Clusterer Module (API Reference)

The scikitplot.cluster module includes plots built specifically for scikit-learn clusterer instances e.g. KMeans. You can use your own clusterers, but these plots assume specific properties shared by scikit-learn estimators. The specific requirements are documented per function.

scikitplot.cluster.plot_elbow_curve(clf, X, title='Elbow Plot', cluster_ranges=None, n_jobs=1, show_cluster_time=True, ax=None, figsize=None, title_fontsize='large', text_fontsize='medium')

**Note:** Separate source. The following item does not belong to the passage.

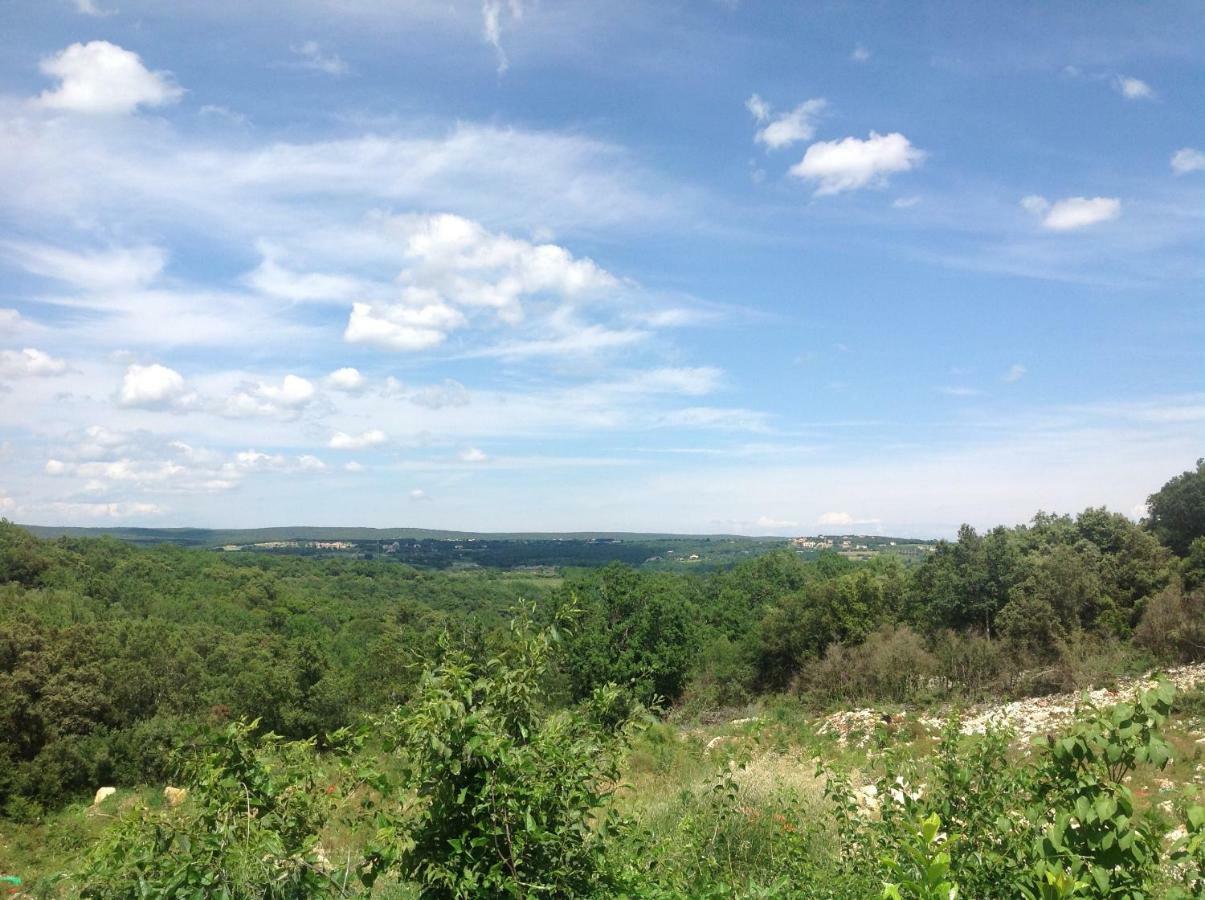 Au Coin Des Cerisiers Βίλα Montclus  Εξωτερικό φωτογραφία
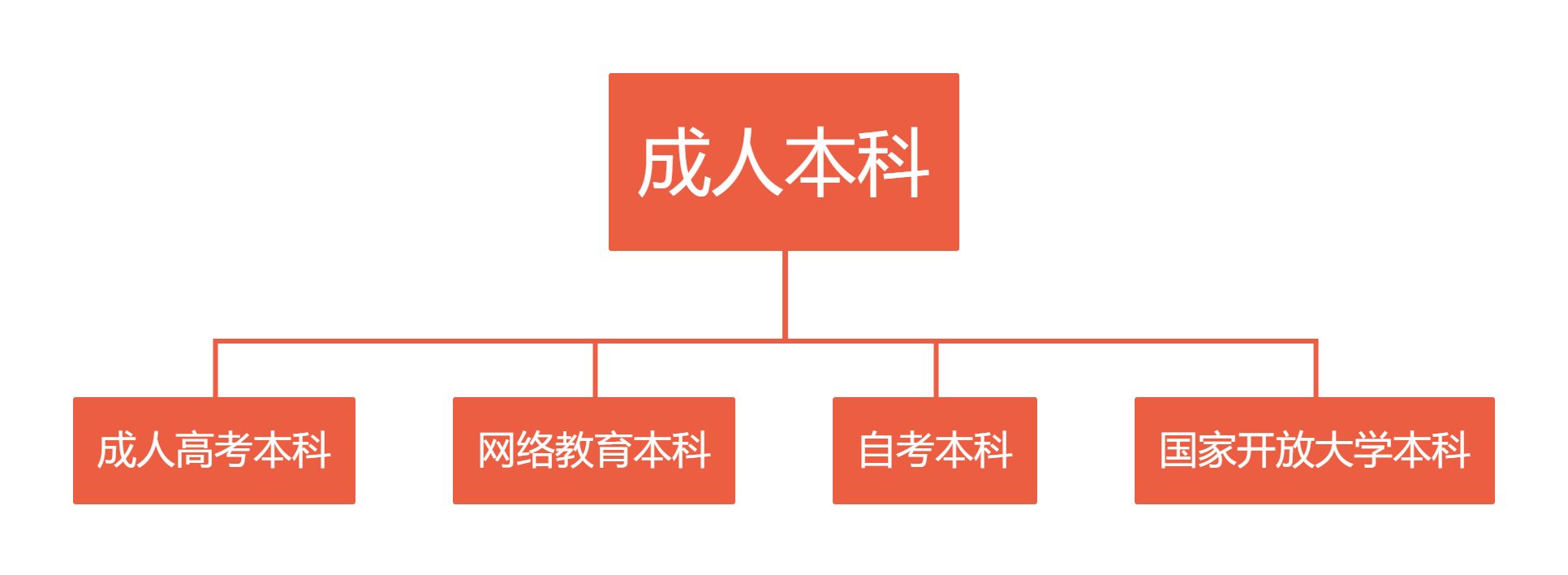 成人本科考试途径与策略详解指南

Plots elbow curve of different values of K for KMeans clustering.

Parameters:
  • clf – Clusterer instance that implements fit,``fit_predict``, and score methods, and an n_clusters hyperparameter. e.g. sklearn.cluster.KMeans instance
  • X (array-like, shape (n_samples, n_features)) – Data to cluster, where n_samples is the number of samples and n_features is the number of features.
  • title (string, optional) – Title of the generated plot. Defaults to “Elbow Plot”
  • cluster_ranges (None or list of int, optional) – List of n_clusters for which to plot the explained variances. Defaults to range(1, 12, 2).
  • n_jobs (int, optional) – Number of jobs to run in parallel. Defaults to 1.
  • show_cluster_time (bool, optional) – Include plot of time it took to cluster for a particular K.
  • ax (matplotlib.axes.Axes, optional) – The axes upon which to plot the curve. If None, the plot is drawn on a new set of axes.
  • figsize (2-tuple, optional) – Tuple denoting figure size of the plot e.g. (6, 6). Defaults to None.
  • title_fontsize (string or int, optional) – Matplotlib-style fontsizes. Use e.g. “small”, “medium”, “large” or integer-values. Defaults to “large”.
  • text_fontsize (string or int, optional) – Matplotlib-style fontsizes. Use e.g. “small”, “medium”, “large” or integer-values. Defaults to “medium”.
Returns:

The axes on which the plot was

drawn.

Return type:

ax (matplotlib.axes.Axes)

Example

>>> import scikitplot as skplt
>>> kmeans = KMeans(random_state=1)
>>> skplt.cluster.plot_elbow_curve(kmeans, cluster_ranges=range(1, 30))
<matplotlib.axes._subplots.AxesSubplot object at 0x7fe967d64490>
>>> plt.show()
Elbow Curve